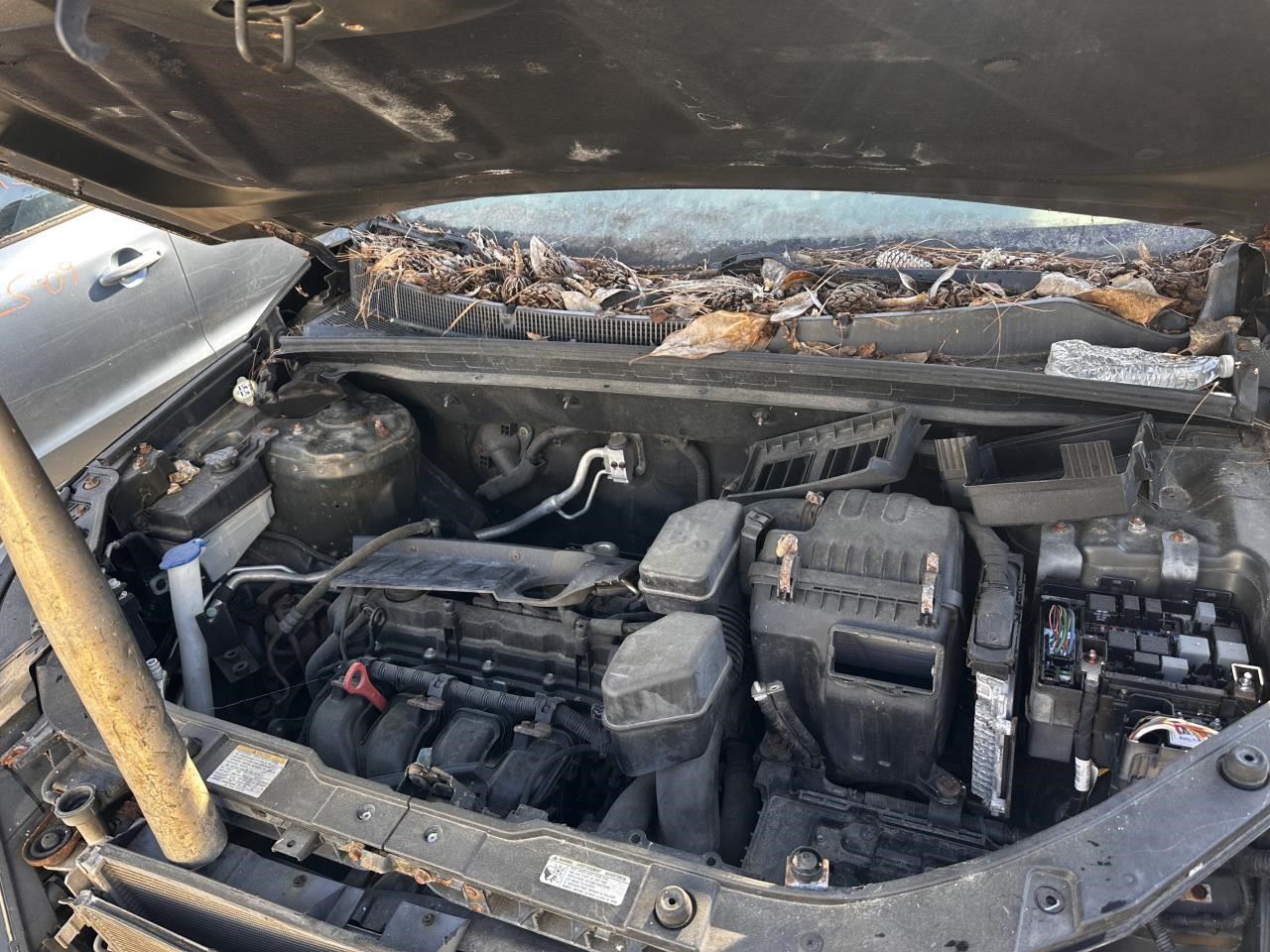 https://f005.backblazeb2.com/file/img-partshotlines-com/Inventory/MA79/Vehicle/76539_07.jpg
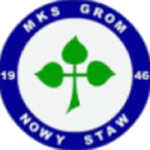 Logo Grom Nowy Staw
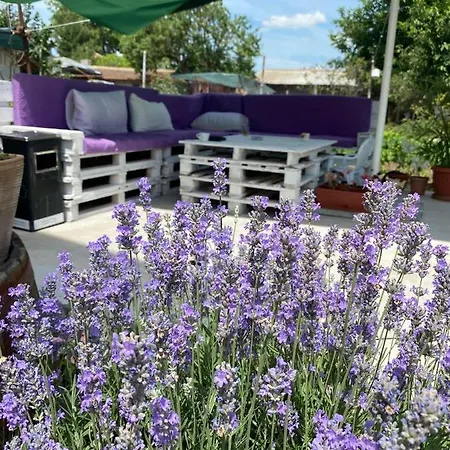 шишкови شابلا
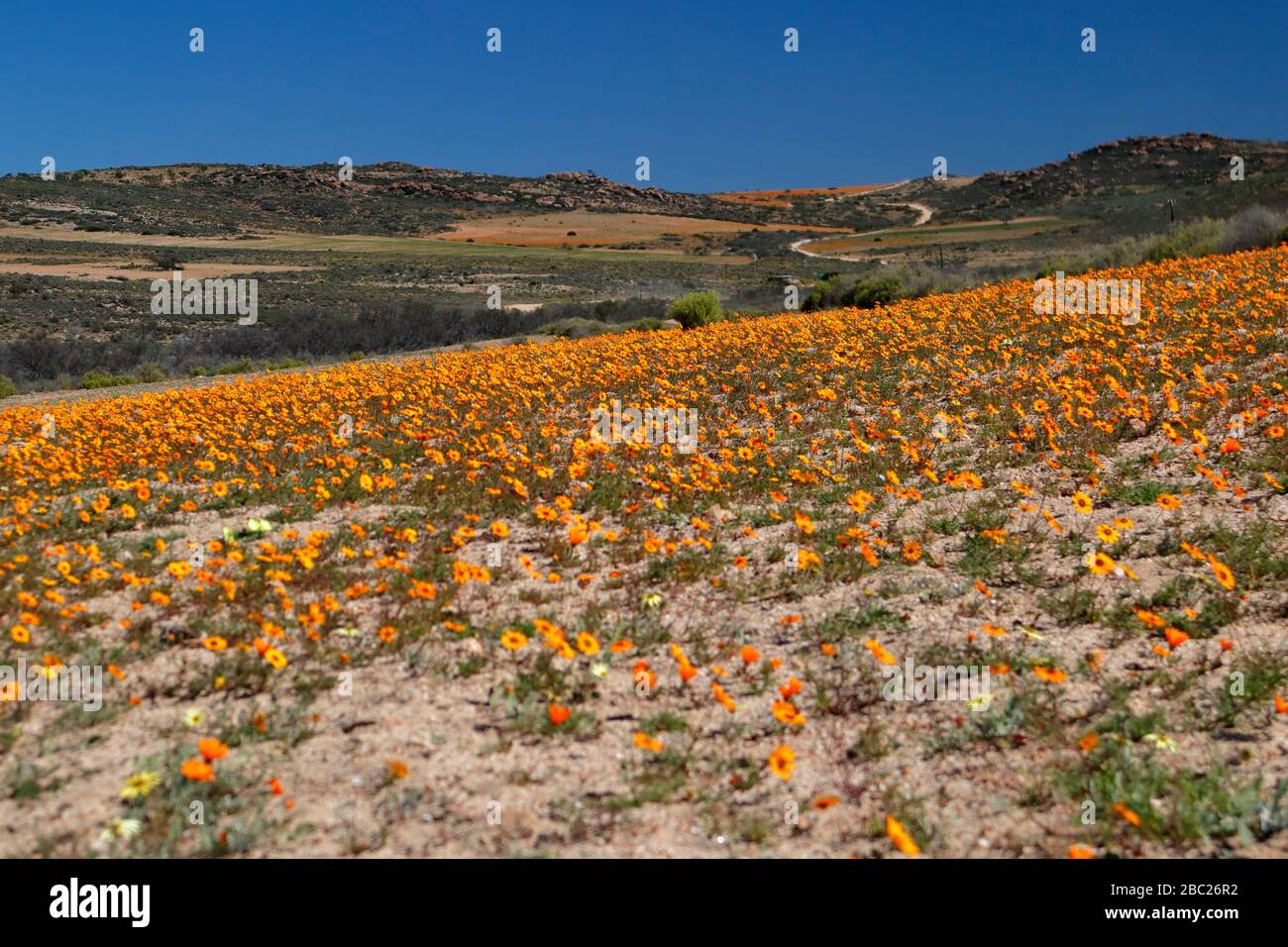 Landscapes and views of the prolific wild flower displays in the ...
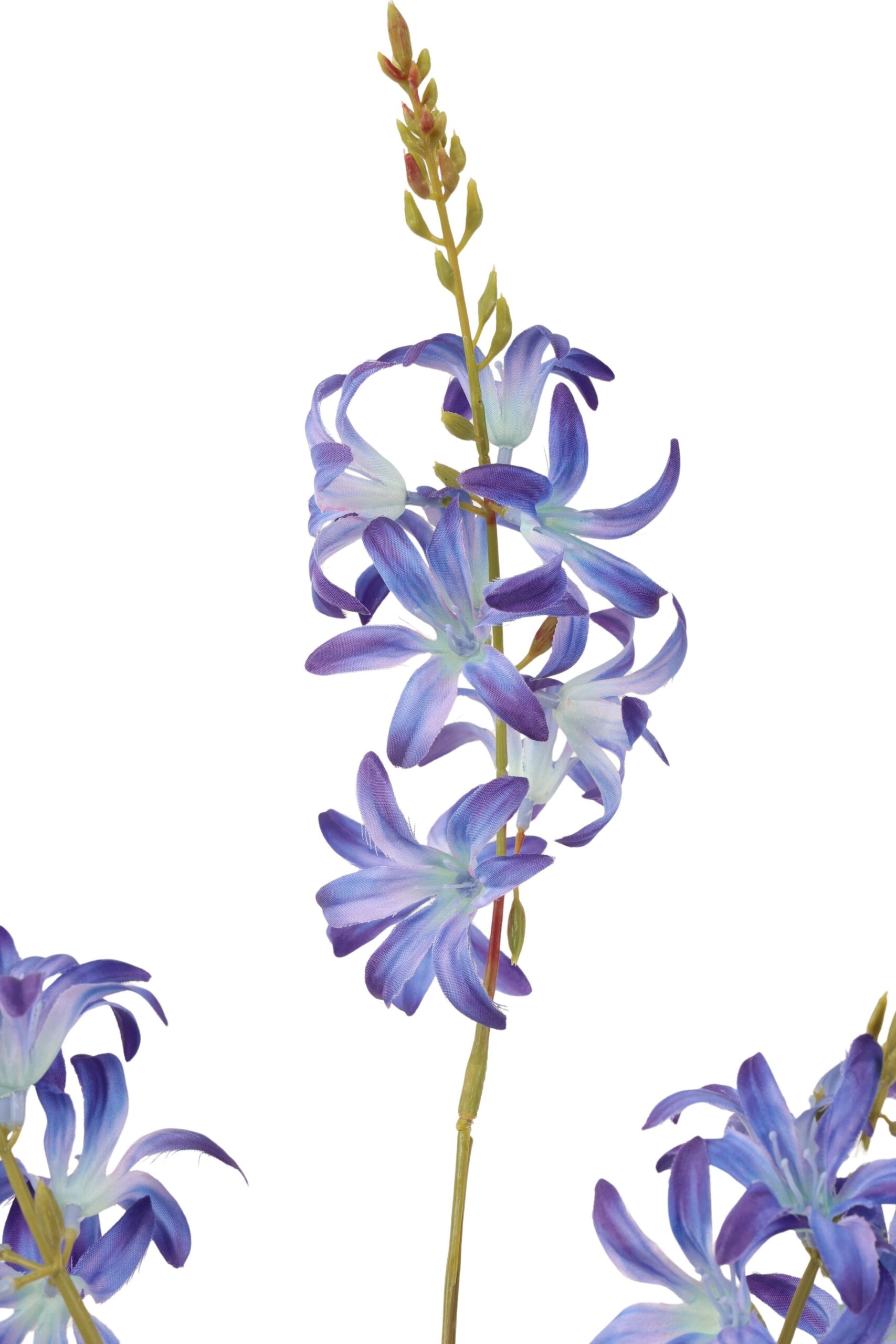 Camasia tak x 3 75 cm blauw/paars, foto 2 van 2
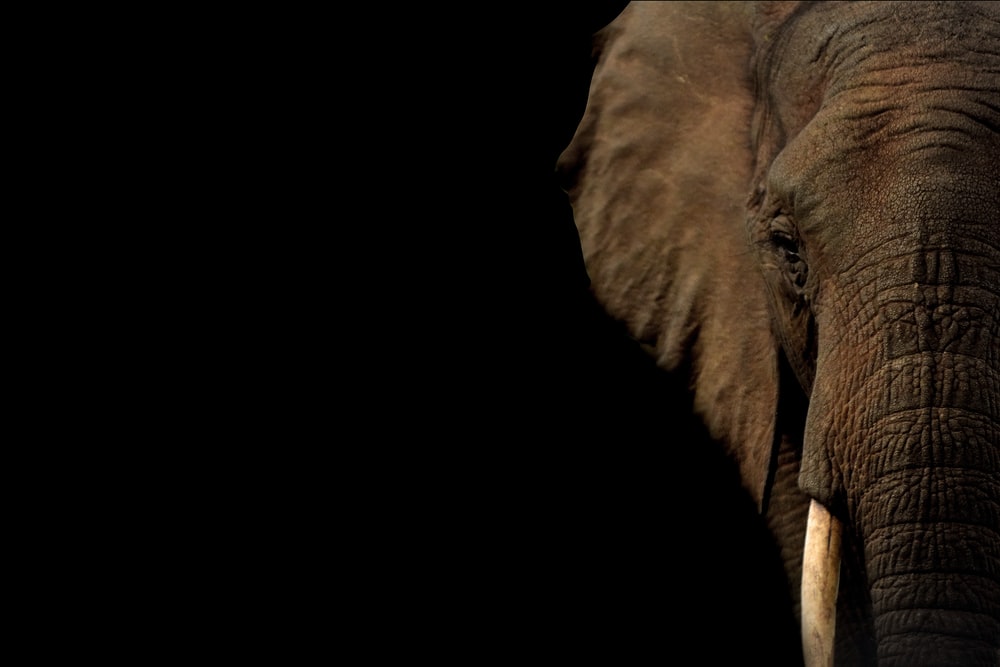 brown elephant with black background photo Free Mammal Image on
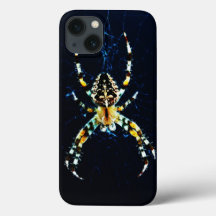 iphcnm de aranha do jardim europeu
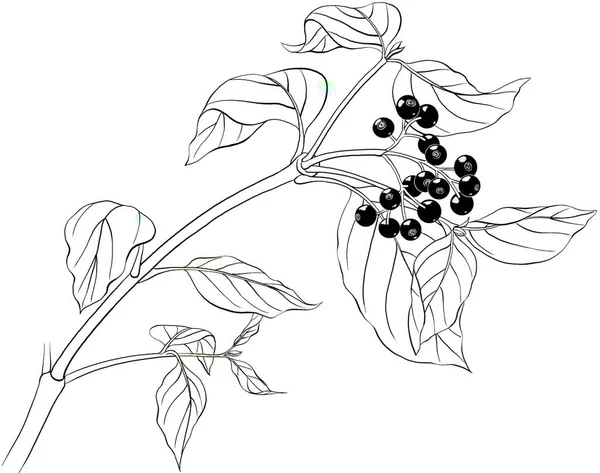 Плоды Крови Собачьей Древесины Cornus Sanguinea Белом Фоне — стоковое фото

● ● ● ● ●

# Exercise prompt
Make an exact copy of the listing above, omitting the pictures.

# Response
 https://f005.backblazeb2.com/file/img-partshotlines-com/Inventory/MA79/Vehicle/76539_07.jpg
 Logo Grom Nowy Staw
 шишкови شابلا
 Landscapes and views of the prolific wild flower displays in the ...
 Camasia tak x 3 75 cm blauw/paars, foto 2 van 2
 brown elephant with black background photo Free Mammal Image on
 iphcnm de aranha do jardim europeu
 Плоды Крови Собачьей Древесины Cornus Sanguinea Белом Фоне — стоковое фото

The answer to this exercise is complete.